Problem details
Return the listing beneath precisely, with every line intact.

^^^^^^^^^^^^^^^^

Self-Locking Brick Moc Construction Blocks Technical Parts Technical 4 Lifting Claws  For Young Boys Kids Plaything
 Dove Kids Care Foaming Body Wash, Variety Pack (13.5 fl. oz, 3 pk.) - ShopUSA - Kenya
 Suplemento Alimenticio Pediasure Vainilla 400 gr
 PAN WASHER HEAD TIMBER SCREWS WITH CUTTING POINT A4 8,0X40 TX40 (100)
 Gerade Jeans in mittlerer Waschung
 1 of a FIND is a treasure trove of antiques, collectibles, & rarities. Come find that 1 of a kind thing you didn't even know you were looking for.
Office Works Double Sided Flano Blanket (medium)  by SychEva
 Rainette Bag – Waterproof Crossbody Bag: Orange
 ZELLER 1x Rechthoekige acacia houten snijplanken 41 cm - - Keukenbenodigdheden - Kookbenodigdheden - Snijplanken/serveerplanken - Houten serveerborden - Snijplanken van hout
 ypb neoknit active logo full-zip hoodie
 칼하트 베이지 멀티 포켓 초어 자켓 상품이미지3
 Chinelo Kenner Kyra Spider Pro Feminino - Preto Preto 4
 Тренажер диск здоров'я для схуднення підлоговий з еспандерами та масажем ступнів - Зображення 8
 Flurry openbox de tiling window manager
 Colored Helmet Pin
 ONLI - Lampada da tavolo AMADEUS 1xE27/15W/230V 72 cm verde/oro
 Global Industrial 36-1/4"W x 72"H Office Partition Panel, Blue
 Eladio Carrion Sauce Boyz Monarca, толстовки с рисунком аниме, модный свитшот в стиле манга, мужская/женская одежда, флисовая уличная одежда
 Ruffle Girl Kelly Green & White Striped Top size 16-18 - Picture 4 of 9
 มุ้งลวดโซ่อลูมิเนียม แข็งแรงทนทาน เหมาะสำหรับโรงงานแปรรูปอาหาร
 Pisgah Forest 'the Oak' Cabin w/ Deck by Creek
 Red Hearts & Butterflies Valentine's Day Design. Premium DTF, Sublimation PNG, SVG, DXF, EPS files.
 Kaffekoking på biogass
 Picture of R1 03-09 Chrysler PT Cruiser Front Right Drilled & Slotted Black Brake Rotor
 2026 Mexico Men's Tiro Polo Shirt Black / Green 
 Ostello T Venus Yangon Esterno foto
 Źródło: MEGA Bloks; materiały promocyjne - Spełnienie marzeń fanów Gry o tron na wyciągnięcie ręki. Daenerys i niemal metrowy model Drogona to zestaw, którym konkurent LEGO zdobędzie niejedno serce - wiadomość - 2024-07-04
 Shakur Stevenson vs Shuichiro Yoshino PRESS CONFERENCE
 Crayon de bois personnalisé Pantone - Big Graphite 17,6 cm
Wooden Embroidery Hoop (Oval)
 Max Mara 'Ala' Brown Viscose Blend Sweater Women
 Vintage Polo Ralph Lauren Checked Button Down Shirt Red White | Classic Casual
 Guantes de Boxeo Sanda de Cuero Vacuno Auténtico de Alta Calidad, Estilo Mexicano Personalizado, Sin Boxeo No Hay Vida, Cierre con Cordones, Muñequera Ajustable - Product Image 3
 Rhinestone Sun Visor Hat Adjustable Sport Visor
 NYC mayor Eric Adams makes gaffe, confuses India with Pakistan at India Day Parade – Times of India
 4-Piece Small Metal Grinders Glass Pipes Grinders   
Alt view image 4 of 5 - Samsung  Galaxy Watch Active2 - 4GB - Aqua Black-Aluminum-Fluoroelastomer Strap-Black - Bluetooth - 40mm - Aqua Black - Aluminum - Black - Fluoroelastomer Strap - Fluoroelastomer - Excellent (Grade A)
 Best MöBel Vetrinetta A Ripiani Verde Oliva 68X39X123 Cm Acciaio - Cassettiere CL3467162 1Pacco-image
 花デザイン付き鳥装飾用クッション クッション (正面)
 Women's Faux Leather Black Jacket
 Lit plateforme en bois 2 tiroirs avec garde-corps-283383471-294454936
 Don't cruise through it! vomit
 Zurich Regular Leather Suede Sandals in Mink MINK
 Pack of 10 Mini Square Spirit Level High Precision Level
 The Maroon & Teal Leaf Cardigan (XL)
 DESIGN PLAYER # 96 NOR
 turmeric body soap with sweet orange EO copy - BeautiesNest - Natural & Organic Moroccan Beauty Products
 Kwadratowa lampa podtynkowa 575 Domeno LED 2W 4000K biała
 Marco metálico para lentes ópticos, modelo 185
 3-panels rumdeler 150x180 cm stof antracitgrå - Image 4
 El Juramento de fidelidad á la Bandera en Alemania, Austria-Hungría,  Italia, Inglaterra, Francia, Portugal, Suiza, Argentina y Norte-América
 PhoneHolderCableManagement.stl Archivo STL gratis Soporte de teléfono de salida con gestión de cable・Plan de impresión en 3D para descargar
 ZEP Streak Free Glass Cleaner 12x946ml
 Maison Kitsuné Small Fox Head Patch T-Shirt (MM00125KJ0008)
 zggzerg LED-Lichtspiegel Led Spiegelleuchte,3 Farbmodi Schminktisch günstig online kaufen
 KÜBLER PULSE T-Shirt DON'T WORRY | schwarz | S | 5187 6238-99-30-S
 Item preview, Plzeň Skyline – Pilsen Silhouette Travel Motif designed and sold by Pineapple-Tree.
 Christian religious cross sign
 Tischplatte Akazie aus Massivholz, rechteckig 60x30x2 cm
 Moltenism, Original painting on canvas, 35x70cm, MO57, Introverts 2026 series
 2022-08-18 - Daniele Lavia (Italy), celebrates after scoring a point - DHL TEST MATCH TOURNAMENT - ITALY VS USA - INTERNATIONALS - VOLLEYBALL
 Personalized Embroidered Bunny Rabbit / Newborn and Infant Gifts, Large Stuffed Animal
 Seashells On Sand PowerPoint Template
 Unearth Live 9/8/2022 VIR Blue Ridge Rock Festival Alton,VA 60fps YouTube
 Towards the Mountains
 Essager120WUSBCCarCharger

^^^^^^^^^^^^^^^^

Output
Self-Locking Brick Moc Construction Blocks Technical Parts Technical 4 Lifting Claws  For Young Boys Kids Plaything
 Dove Kids Care Foaming Body Wash, Variety Pack (13.5 fl. oz, 3 pk.) - ShopUSA - Kenya
 Suplemento Alimenticio Pediasure Vainilla 400 gr
 PAN WASHER HEAD TIMBER SCREWS WITH CUTTING POINT A4 8,0X40 TX40 (100)
 Gerade Jeans in mittlerer Waschung
 1 of a FIND is a treasure trove of antiques, collectibles, & rarities. Come find that 1 of a kind thing you didn't even know you were looking for.
Office Works Double Sided Flano Blanket (medium)  by SychEva
 Rainette Bag – Waterproof Crossbody Bag: Orange
 ZELLER 1x Rechthoekige acacia houten snijplanken 41 cm - - Keukenbenodigdheden - Kookbenodigdheden - Snijplanken/serveerplanken - Houten serveerborden - Snijplanken van hout
 ypb neoknit active logo full-zip hoodie
 칼하트 베이지 멀티 포켓 초어 자켓 상품이미지3
 Chinelo Kenner Kyra Spider Pro Feminino - Preto Preto 4
 Тренажер диск здоров'я для схуднення підлоговий з еспандерами та масажем ступнів - Зображення 8
 Flurry openbox de tiling window manager
 Colored Helmet Pin
 ONLI - Lampada da tavolo AMADEUS 1xE27/15W/230V 72 cm verde/oro
 Global Industrial 36-1/4"W x 72"H Office Partition Panel, Blue
 Eladio Carrion Sauce Boyz Monarca, толстовки с рисунком аниме, модный свитшот в стиле манга, мужская/женская одежда, флисовая уличная одежда
 Ruffle Girl Kelly Green & White Striped Top size 16-18 - Picture 4 of 9
 มุ้งลวดโซ่อลูมิเนียม แข็งแรงทนทาน เหมาะสำหรับโรงงานแปรรูปอาหาร
 Pisgah Forest 'the Oak' Cabin w/ Deck by Creek
 Red Hearts & Butterflies Valentine's Day Design. Premium DTF, Sublimation PNG, SVG, DXF, EPS files.
 Kaffekoking på biogass
 Picture of R1 03-09 Chrysler PT Cruiser Front Right Drilled & Slotted Black Brake Rotor
 2026 Mexico Men's Tiro Polo Shirt Black / Green 
 Ostello T Venus Yangon Esterno foto
 Źródło: MEGA Bloks; materiały promocyjne - Spełnienie marzeń fanów Gry o tron na wyciągnięcie ręki. Daenerys i niemal metrowy model Drogona to zestaw, którym konkurent LEGO zdobędzie niejedno serce - wiadomość - 2024-07-04
 Shakur Stevenson vs Shuichiro Yoshino PRESS CONFERENCE
 Crayon de bois personnalisé Pantone - Big Graphite 17,6 cm
Wooden Embroidery Hoop (Oval)
 Max Mara 'Ala' Brown Viscose Blend Sweater Women
 Vintage Polo Ralph Lauren Checked Button Down Shirt Red White | Classic Casual
 Guantes de Boxeo Sanda de Cuero Vacuno Auténtico de Alta Calidad, Estilo Mexicano Personalizado, Sin Boxeo No Hay Vida, Cierre con Cordones, Muñequera Ajustable - Product Image 3
 Rhinestone Sun Visor Hat Adjustable Sport Visor
 NYC mayor Eric Adams makes gaffe, confuses India with Pakistan at India Day Parade – Times of India
 4-Piece Small Metal Grinders Glass Pipes Grinders   
Alt view image 4 of 5 - Samsung  Galaxy Watch Active2 - 4GB - Aqua Black-Aluminum-Fluoroelastomer Strap-Black - Bluetooth - 40mm - Aqua Black - Aluminum - Black - Fluoroelastomer Strap - Fluoroelastomer - Excellent (Grade A)
 Best MöBel Vetrinetta A Ripiani Verde Oliva 68X39X123 Cm Acciaio - Cassettiere CL3467162 1Pacco-image
 花デザイン付き鳥装飾用クッション クッション (正面)
 Women's Faux Leather Black Jacket
 Lit plateforme en bois 2 tiroirs avec garde-corps-283383471-294454936
 Don't cruise through it! vomit
 Zurich Regular Leather Suede Sandals in Mink MINK
 Pack of 10 Mini Square Spirit Level High Precision Level
 The Maroon & Teal Leaf Cardigan (XL)
 DESIGN PLAYER # 96 NOR
 turmeric body soap with sweet orange EO copy - BeautiesNest - Natural & Organic Moroccan Beauty Products
 Kwadratowa lampa podtynkowa 575 Domeno LED 2W 4000K biała
 Marco metálico para lentes ópticos, modelo 185
 3-panels rumdeler 150x180 cm stof antracitgrå - Image 4
 El Juramento de fidelidad á la Bandera en Alemania, Austria-Hungría,  Italia, Inglaterra, Francia, Portugal, Suiza, Argentina y Norte-América
 PhoneHolderCableManagement.stl Archivo STL gratis Soporte de teléfono de salida con gestión de cable・Plan de impresión en 3D para descargar
 ZEP Streak Free Glass Cleaner 12x946ml
 Maison Kitsuné Small Fox Head Patch T-Shirt (MM00125KJ0008)
 zggzerg LED-Lichtspiegel Led Spiegelleuchte,3 Farbmodi Schminktisch günstig online kaufen
 KÜBLER PULSE T-Shirt DON'T WORRY | schwarz | S | 5187 6238-99-30-S
 Item preview, Plzeň Skyline – Pilsen Silhouette Travel Motif designed and sold by Pineapple-Tree.
 Christian religious cross sign
 Tischplatte Akazie aus Massivholz, rechteckig 60x30x2 cm
 Moltenism, Original painting on canvas, 35x70cm, MO57, Introverts 2026 series
 2022-08-18 - Daniele Lavia (Italy), celebrates after scoring a point - DHL TEST MATCH TOURNAMENT - ITALY VS USA - INTERNATIONALS - VOLLEYBALL
 Personalized Embroidered Bunny Rabbit / Newborn and Infant Gifts, Large Stuffed Animal
 Seashells On Sand PowerPoint Template
 Unearth Live 9/8/2022 VIR Blue Ridge Rock Festival Alton,VA 60fps YouTube
 Towards the Mountains
 Essager120WUSBCCarCharger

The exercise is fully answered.